Participantes de audiência se mobilizam para impedir fechamento de fábricas de fertilizantes da Petrobras
Sindicalistas, representantes da cadeia produtiva e políticos da Bahia e de Sergipe se manifestaram nesta terça-feira (10) contra o anunciado fechamento das unidades da Fábrica de Fertilizantes Nitrogenados (Fafen) nas cidades de Camaçari (BA), e Laranjeiras (SE). Em audiência pública da Comissão de Agricultura e Reforma Agrária (CRA) eles prometeram se mobilizar, juntamente com parlamentares, para impedir o fechamento das fábricas, que pertencem à Petrobras.
Participantes da audiência pública querem compromisso do governo de as unidades da Fafen na Bahia e em Sergipe não serão fechadas (Foto: Pedro França/ Agência Senado)
O senador Eduardo Amorim (PSDB-SE), que requereu a audiência, sugeriu uma reunião com o presidente da República, Michel Temer, para que se obtenha o compromisso de manter as fábricas em funcionamento até o fim de seu mandato, em dezembro. De acordo com Amorim, a intenção inicial da Petrobras era fechar as fábricas em junho. Negociações teriam empurrado o prazo até outubro. E o que se busca é um novo prazo.
— Em outubro estarão faltando só dois meses para o fim deste governo. O razoável é que se deixe a tomada de uma decisão tão relevante, tão estratégica ao agronegócio e à economia deste país para o próximo governo, que terá então um horizonte longo de planejamento e atuação. Tenho certeza que nenhum outro governo fechará estas fábricas — disse Amorim.

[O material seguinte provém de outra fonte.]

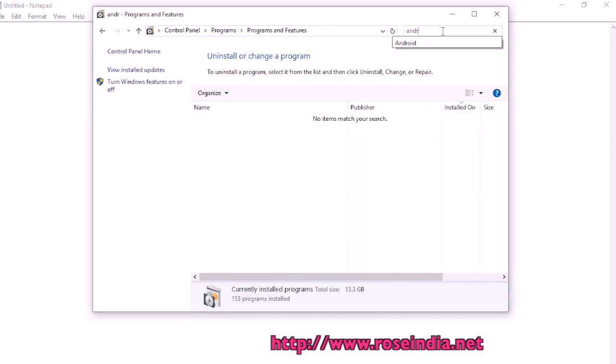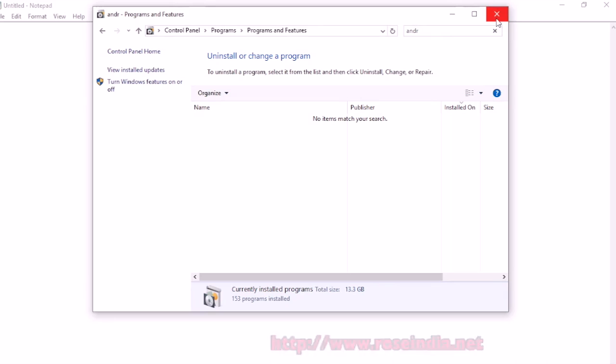We don't have Android Studio on our computer. Now we can proceed with installing the latest version of Android Studio. Thanks for watching the video and subscribe to our channel.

Quanto ao motivo alegado pela Petrobras, de que as fábricas representam prejuízo para a empresa, o senador afirmou isso faria parte de um “desmonte proposital” que é tocado pela direção da própria companhia.
Recuperação
Participante da audiência pública, o vice-governador da Bahia, João Leão, disse ter ouvido em reunião recente com Temer que as fábricas não fecharão. O problema, disse, é que este compromisso estaria vinculado à criação de um grupo de trabalho, até agora não efetivada.
Leão sugeriu que façam parte do grupo representantes dos setores agrícola, industrial e sindicais da Bahia e de Sergipe, além dos governos estaduais.
— Não vamos deixar fechar estas duas fábricas. É perfeitamente possível uma estratégia de recuperação para a Fafen Bahia e a Fafen Sergipe. Estamos aguardando o grupo de trabalho. Acredito na palavra do presidente Temer — afirmou.
Petroleiros
Edvaldo Leandro, da Federação Única dos Petroleiros (FUP) afirmou que a categoria ocupará as fábricas, assumirá a gerência e manterá a produção caso a Petrobras decida pelo fechamento.
O senador Otto Alencar (PSD-BA) também disse que o povo baiano se opõe e continuará se opondo "radicalmente" ao fim da Fafen.
— A empresa não será destruída ela canetada de um burocrata - declarou.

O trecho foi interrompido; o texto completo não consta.